## The input
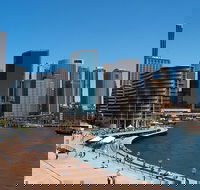 Sydney Half Day Tour with a Local 100 Personalized  Private  - Surfers Gold Coast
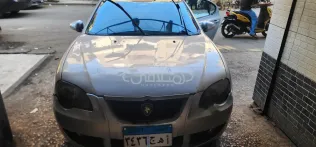 بروتون جين 2 2013 فضي مستعملة للبيع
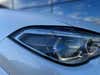 BMW X5 M50i xDrive aut. thumbnail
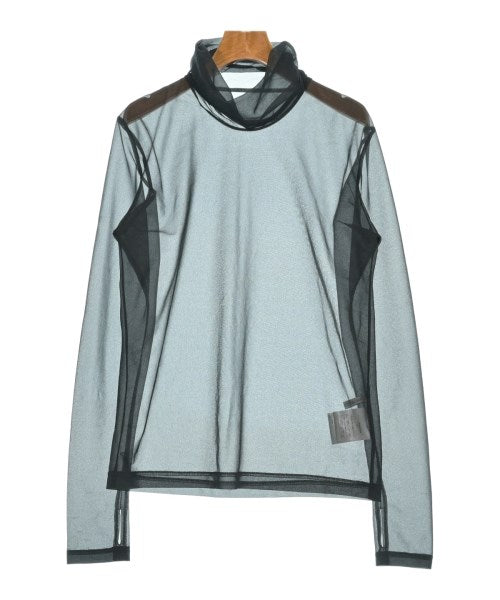 JOHN LAWRENCE SULLIVAN T恤/上衣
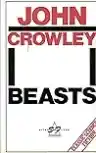 Cover of Beasts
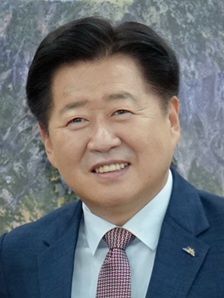 File:Oh Young-hun 20240830.jpg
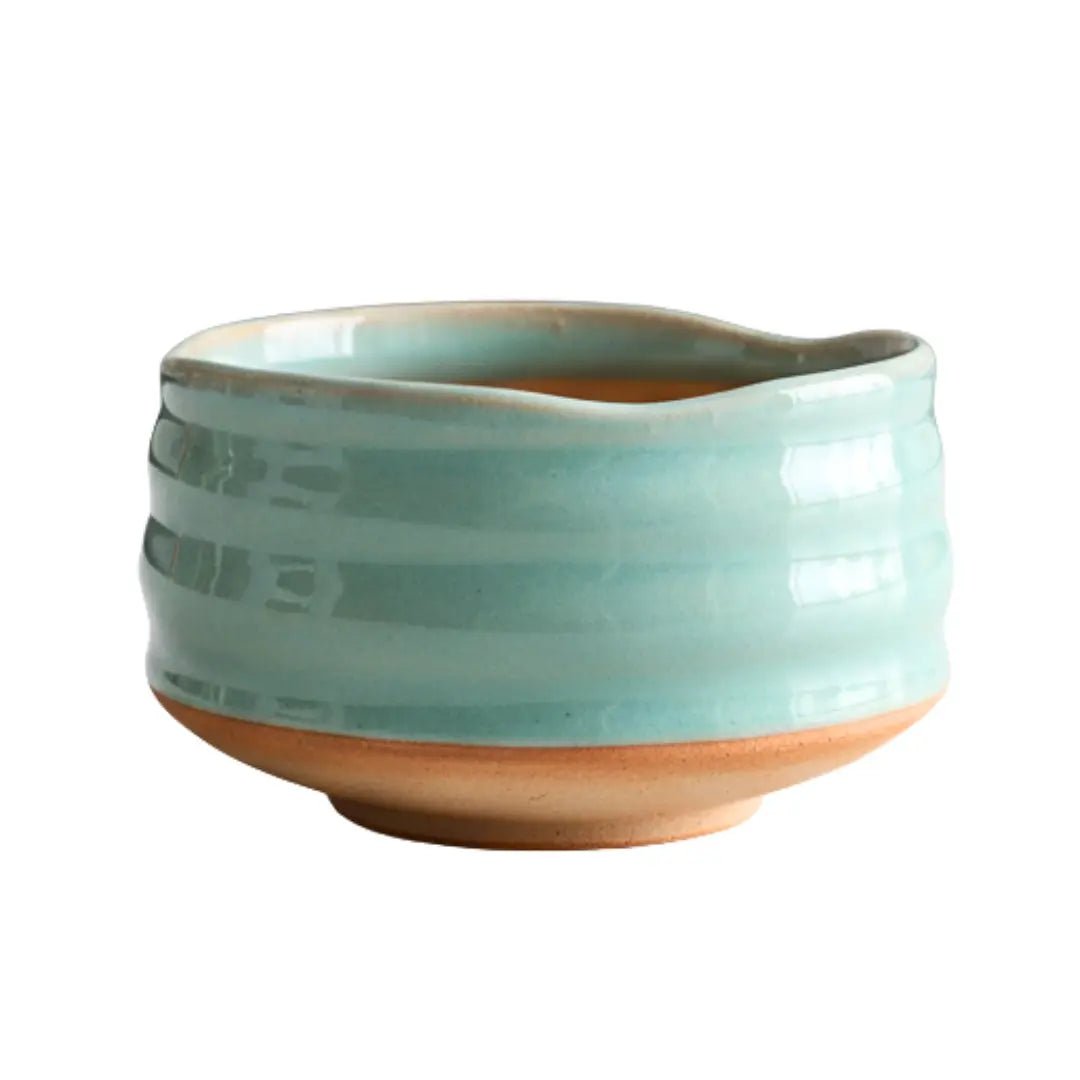 The Aegean Coast Bowl - The House of Umami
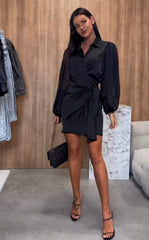 Lete dress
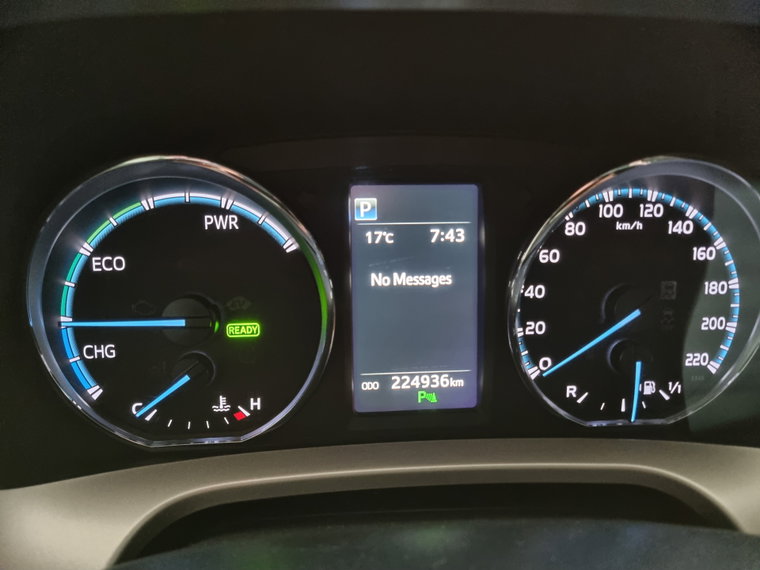 Vehicle Image 28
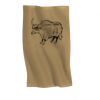 Rally Towel Thumbnail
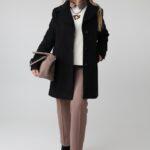 plaszcz-damski-przejsciowy-plus-size-elegancki-z-kolnierzem-czarny (6)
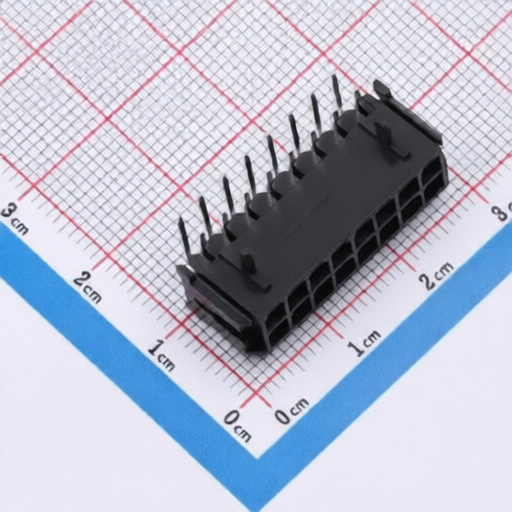 SHOU HAN MX3.0-2x8PWZ for sale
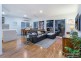 22 View Street, Woody Point QLD 4019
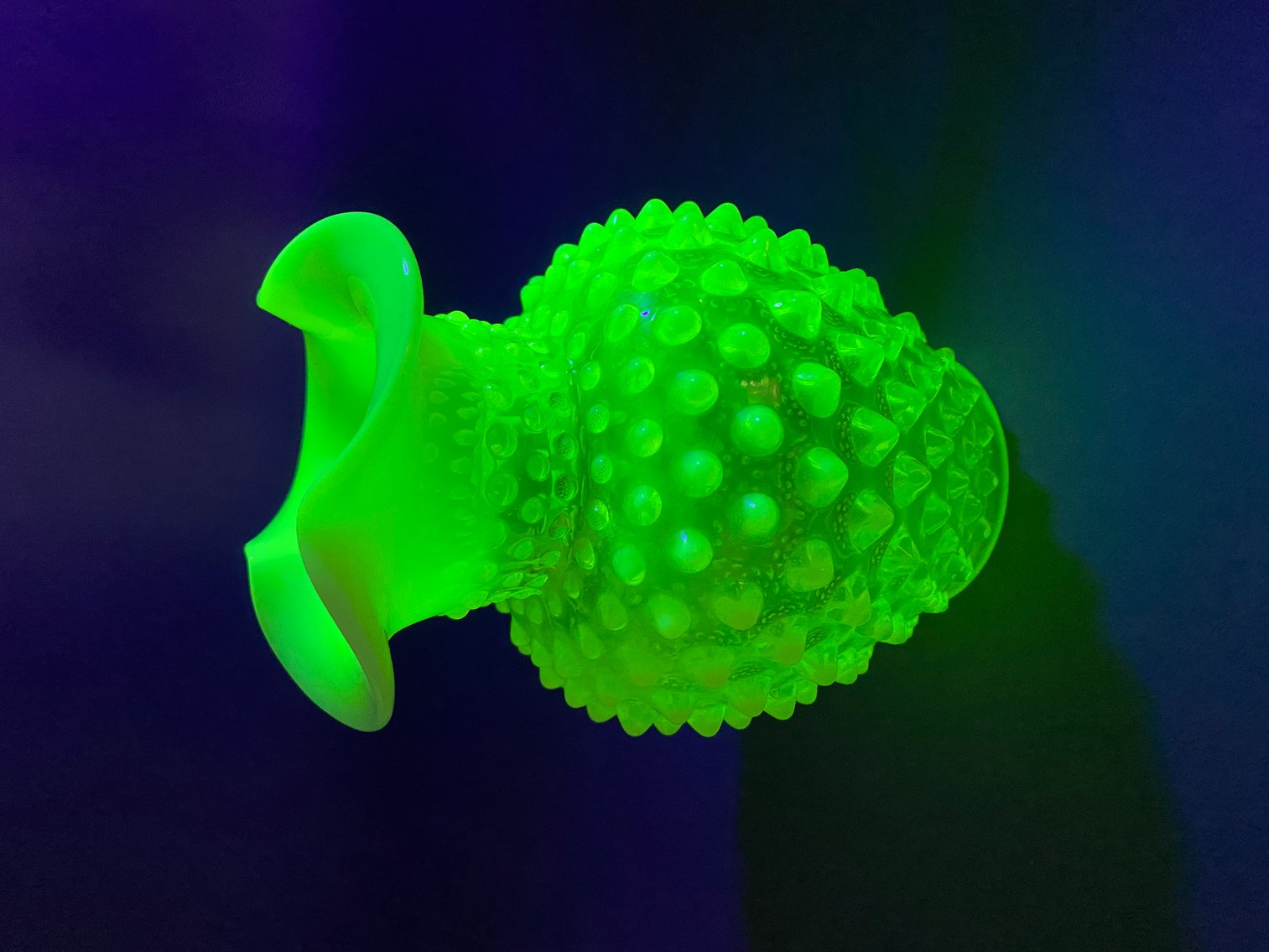 Image for Summer Curated Fine Antiques, Fine Jewelry, Fenton, Silver Flatware, Original Artwork, Antique Furniture and More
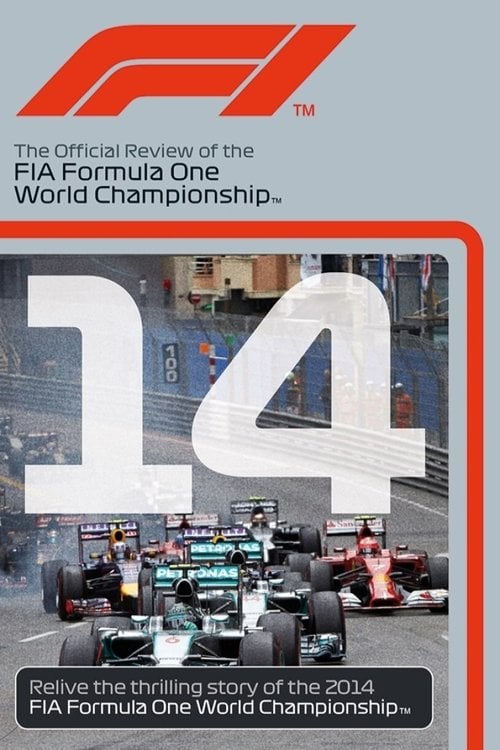 F1 Review 1999 Poster — Now playing in Bogotá 2026-03-04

## Problem to solve
Without the pictures, repeat the line with "Cover of Beasts" and every line after it to the end of the listing, and nothing else.

## Task solution
 Cover of Beasts
 File:Oh Young-hun 20240830.jpg
 The Aegean Coast Bowl - The House of Umami
 Lete dress
 Vehicle Image 28
 Rally Towel Thumbnail
 plaszcz-damski-przejsciowy-plus-size-elegancki-z-kolnierzem-czarny (6)
 SHOU HAN MX3.0-2x8PWZ for sale
 22 View Street, Woody Point QLD 4019
 Image for Summer Curated Fine Antiques, Fine Jewelry, Fenton, Silver Flatware, Original Artwork, Antique Furniture and More
 F1 Review 1999 Poster — Now playing in Bogotá 2026-03-04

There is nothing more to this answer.